* Work order:
Within the entries below, the lines from the one with "Lacoste Tennis Ultra Dry T-Shirt Schwarz" through the one with "1100H, Coated, 5XD" are to be set down exactly, both ends kept.

* Data extracts:

>>>

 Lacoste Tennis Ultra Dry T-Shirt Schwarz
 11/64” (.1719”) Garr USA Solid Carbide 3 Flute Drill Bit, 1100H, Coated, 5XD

<<<
>>>

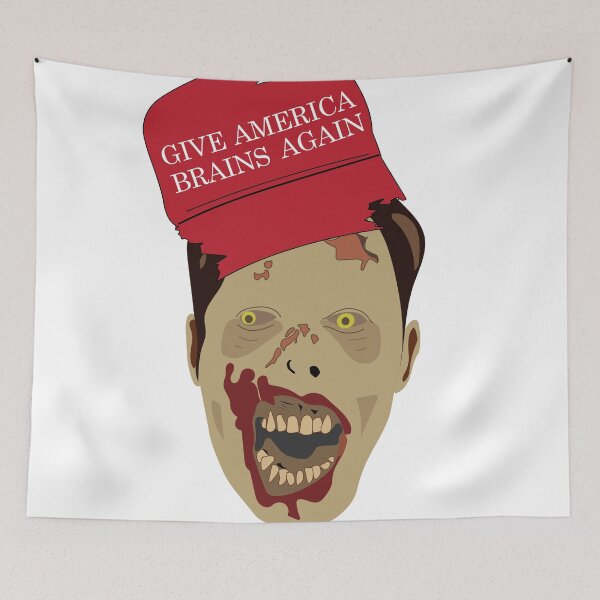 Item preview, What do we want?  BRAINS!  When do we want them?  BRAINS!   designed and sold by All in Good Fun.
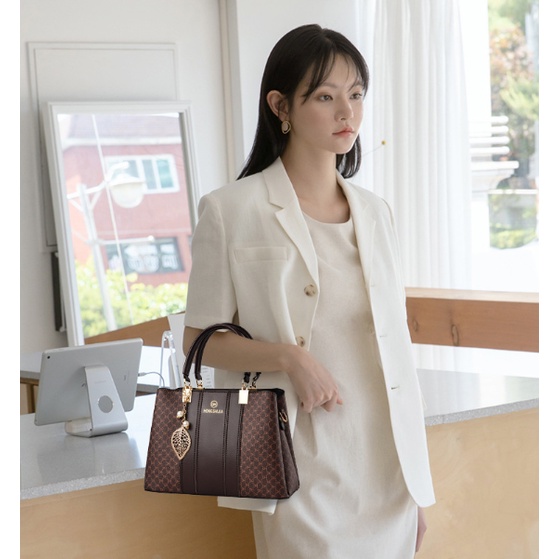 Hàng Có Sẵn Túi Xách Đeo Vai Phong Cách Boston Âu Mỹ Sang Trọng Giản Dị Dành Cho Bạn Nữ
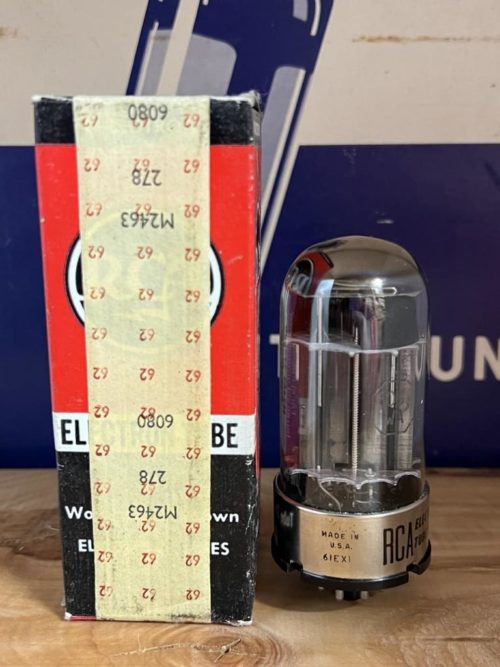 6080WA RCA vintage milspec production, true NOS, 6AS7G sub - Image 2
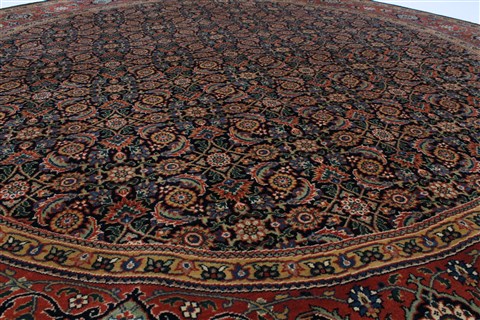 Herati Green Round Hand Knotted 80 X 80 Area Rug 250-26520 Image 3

<<<

* Expected output:
 Lacoste Tennis Ultra Dry T-Shirt Schwarz
 11/64” (.1719”) Garr USA Solid Carbide 3 Flute Drill Bit, 1100H, Coated, 5XD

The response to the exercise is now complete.